## [Task directions]
The line containing "Skoda Octavia - Vorschau Bild 10" and every line after it, through the end of the records below, are to be reproduced exactly, with the pictures left out.
+-------+
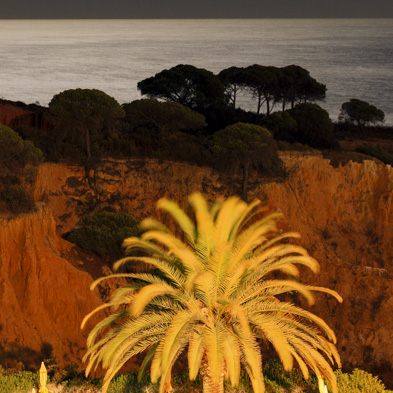 Portugal 2009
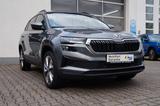 Skoda Karoq Style*KAMERA*SHZ V+H* LED*PDC* - Skoda Karoq in Hagen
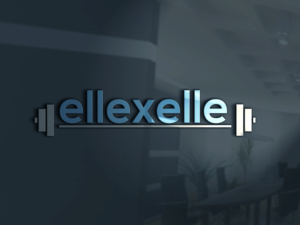 Logo Design by NEOTERIC for this project | Design: #19015899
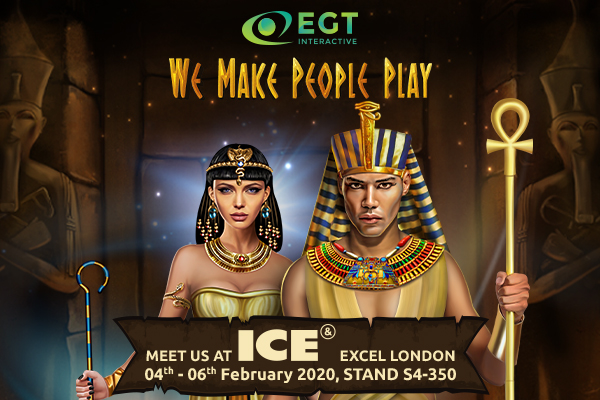 EGT Interactive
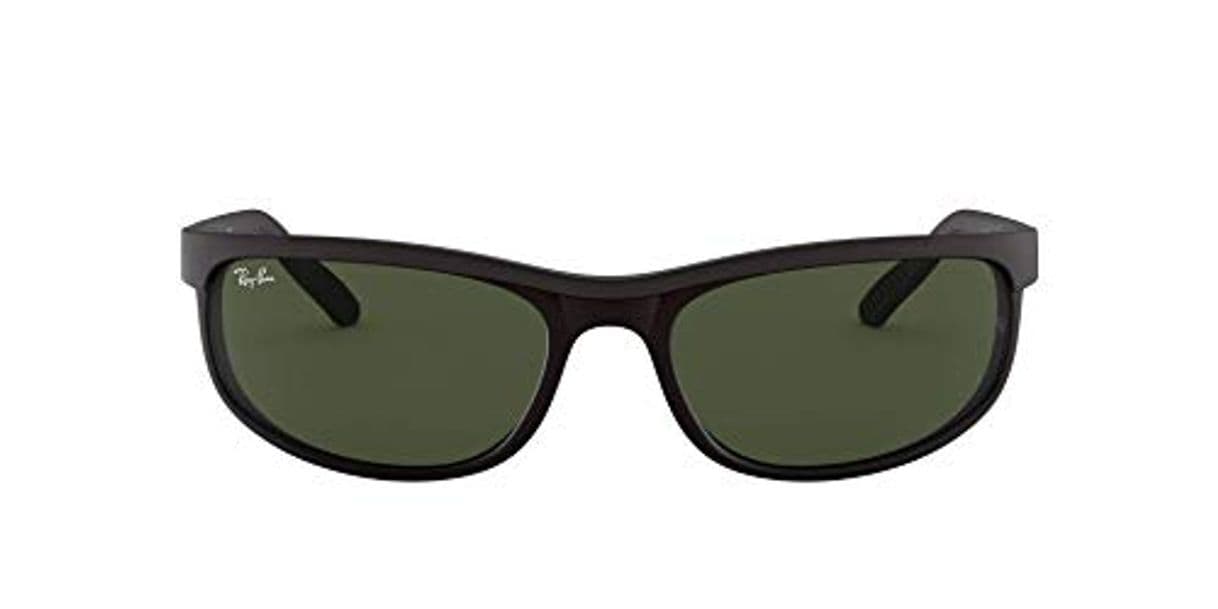 Lugar Ray-Ban RB 2027 Gafas de sol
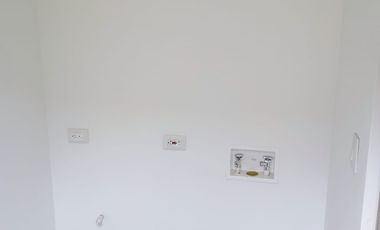 casa en arriendo en cota. Cod A6968301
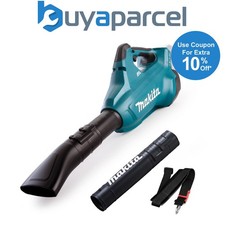 Makita DUB362Z Twin LXT 18v /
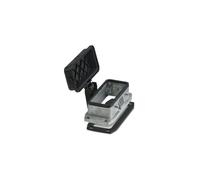Phoenix Contact 1411328, Contenitore serie HC-STA-B16-BFDC-ELC-AL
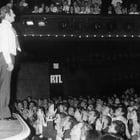 Gilbert Bécaud : sa fille pousse un coup de gueule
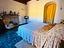Immagine 22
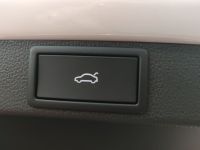 Skoda Octavia - Vorschau Bild 10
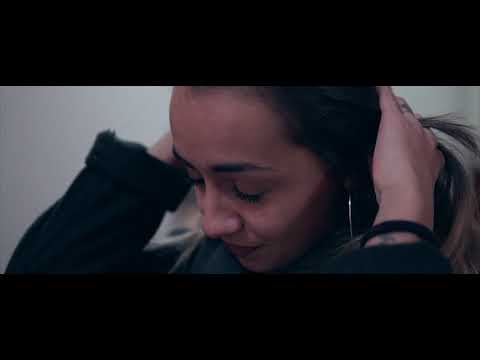 ONIVAS Ft. CRASH - PABLO (OFFICIAL VIDEO)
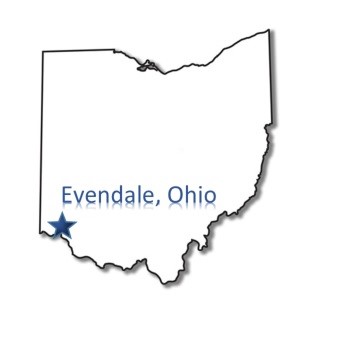 About Evendale | Village of Evendale OH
+-------+
## [Response]
 Skoda Octavia - Vorschau Bild 10
 ONIVAS Ft. CRASH - PABLO (OFFICIAL VIDEO)
 About Evendale | Village of Evendale OH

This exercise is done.